PROBLEM
What you return should match the data word for word, minus the images.

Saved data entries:
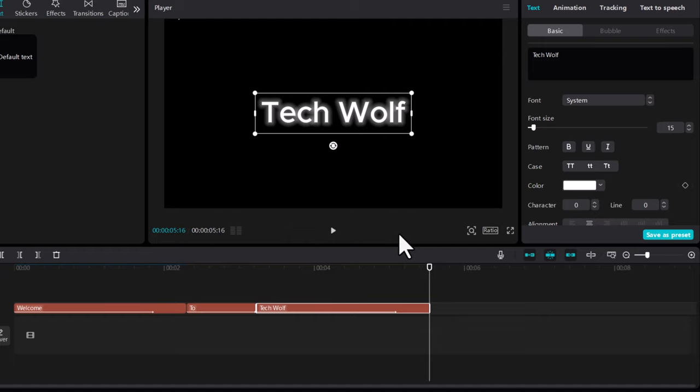So yes guys, this is how you can add the glitch text in CapCut. If you found this video useful, leave a like, share this video, subscribe to the channel if you are new, and see you in the next one.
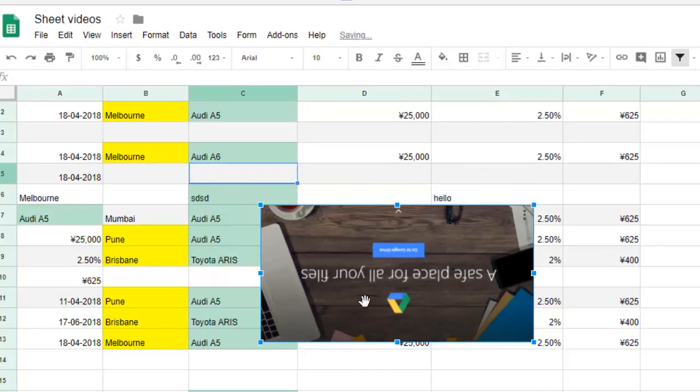That's how you can flip the image horizontally or vertically in Google Spreadsheet or any other Google product. Thanks for watching this video.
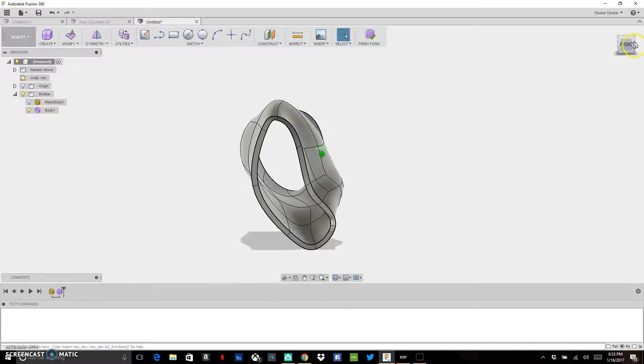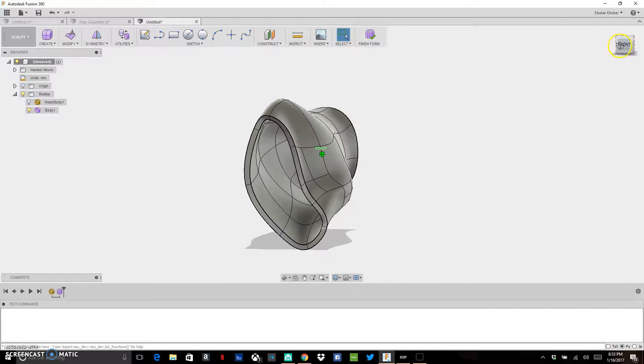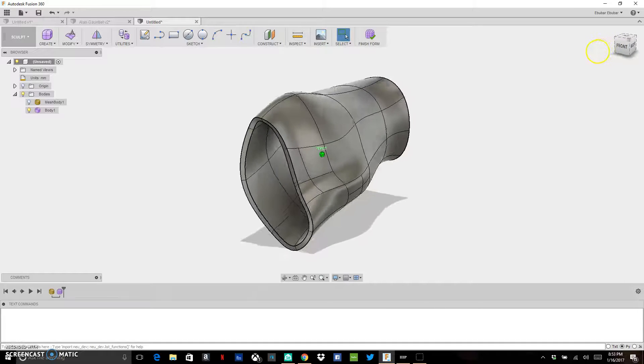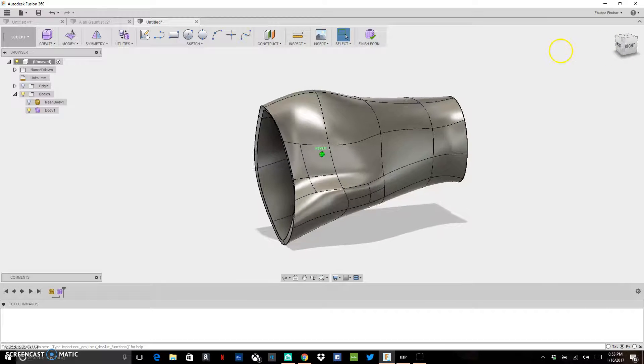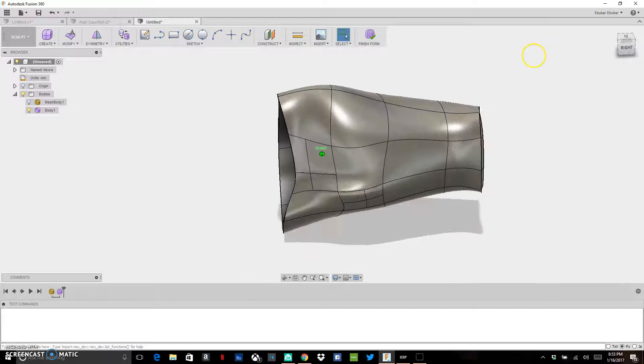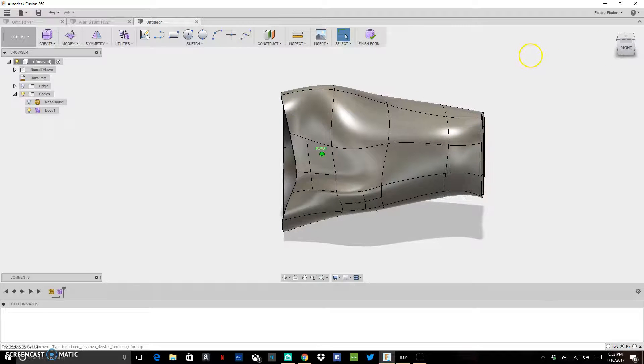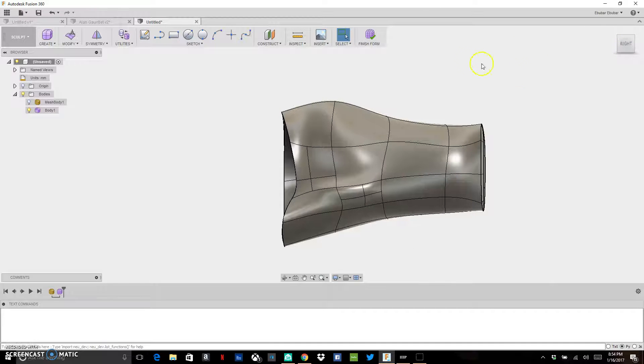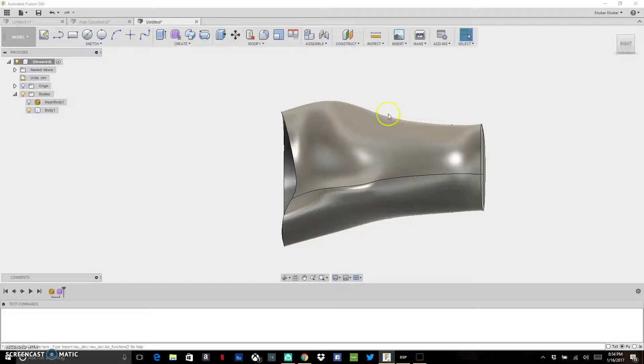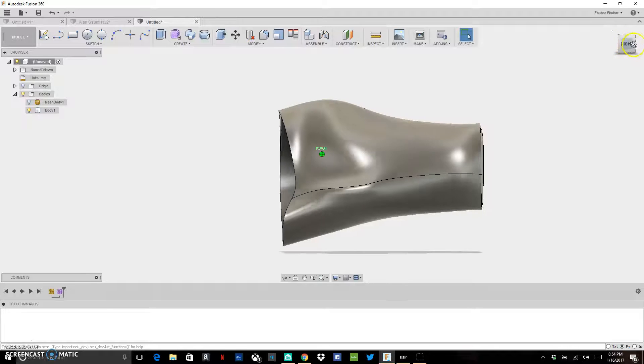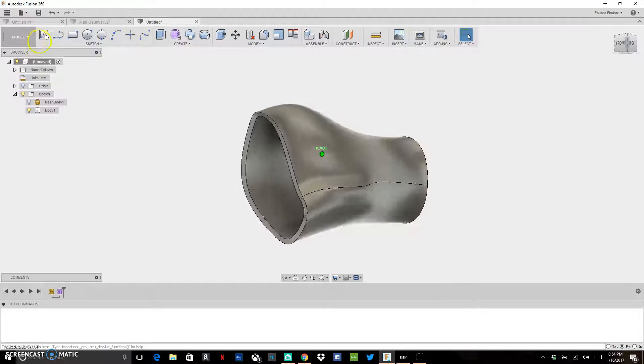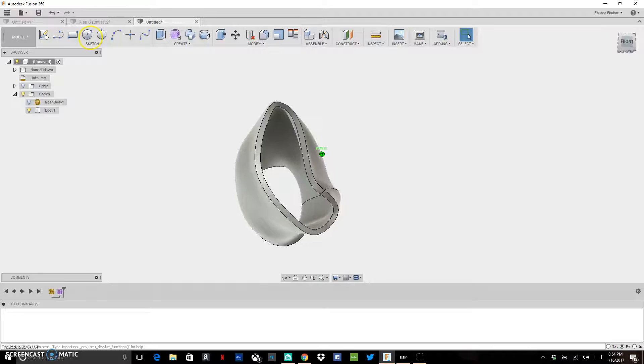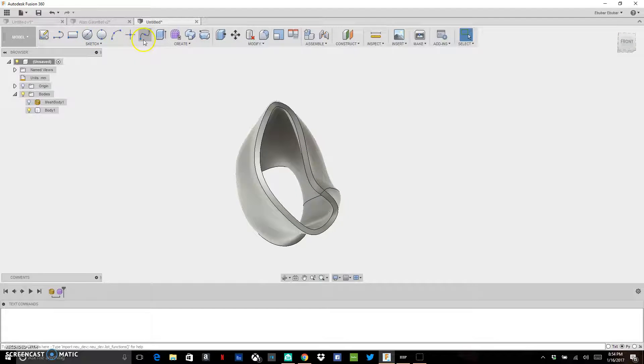Some thickness that could actually print, if I wanted to 3D print this. What I can do now is finish this form, and that'll take me back to my solid body modeling. I can start modeling this with the typical tools in Fusion, with sketches and extrusions.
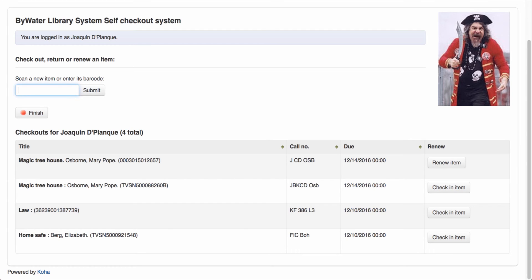Now, I also have the option to renew an item or to check an item in. So if I brought a book back that I wanted to check into the system, I can come over here and select Check In That Item.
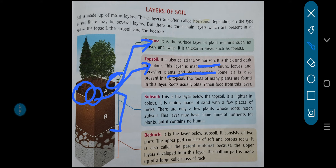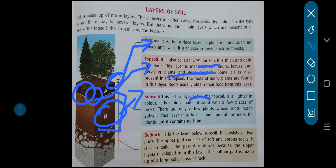The next layer is known as subsoil, which is the layer below the topsoil. It is lighter in color than the topsoil. It is mainly made up of sand with a few pieces of rocks. There are only a few plants whose roots reach the subsoil. This layer may have some minerals and nutrients for plants, but it contains no humus.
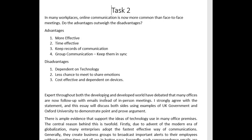The second thing is that there are a lot of grammatical errors in this paragraph. It's a short paragraph but the errors are important enough to mention. Let's take a look at it again.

RESULT FOR THIS TASK
So yes guys, this is how you can add the glitch text in CapCut. If you found this video useful, leave a like, share this video, subscribe to the channel if you are new, and see you in the next one.
That's how you can flip the image horizontally or vertically in Google Spreadsheet or any other Google product. Thanks for watching this video.
Some thickness that could actually print, if I wanted to 3D print this. What I can do now is finish this form, and that'll take me back to my solid body modeling. I can start modeling this with the typical tools in Fusion, with sketches and extrusions.
Now, I also have the option to renew an item or to check an item in. So if I brought a book back that I wanted to check into the system, I can come over here and select Check In That Item.
The next layer is known as subsoil, which is the layer below the topsoil. It is lighter in color than the topsoil. It is mainly made up of sand with a few pieces of rocks. There are only a few plants whose roots reach the subsoil. This layer may have some minerals and nutrients for plants, but it contains no humus.
The second thing is that there are a lot of grammatical errors in this paragraph. It's a short paragraph but the errors are important enough to mention. Let's take a look at it again.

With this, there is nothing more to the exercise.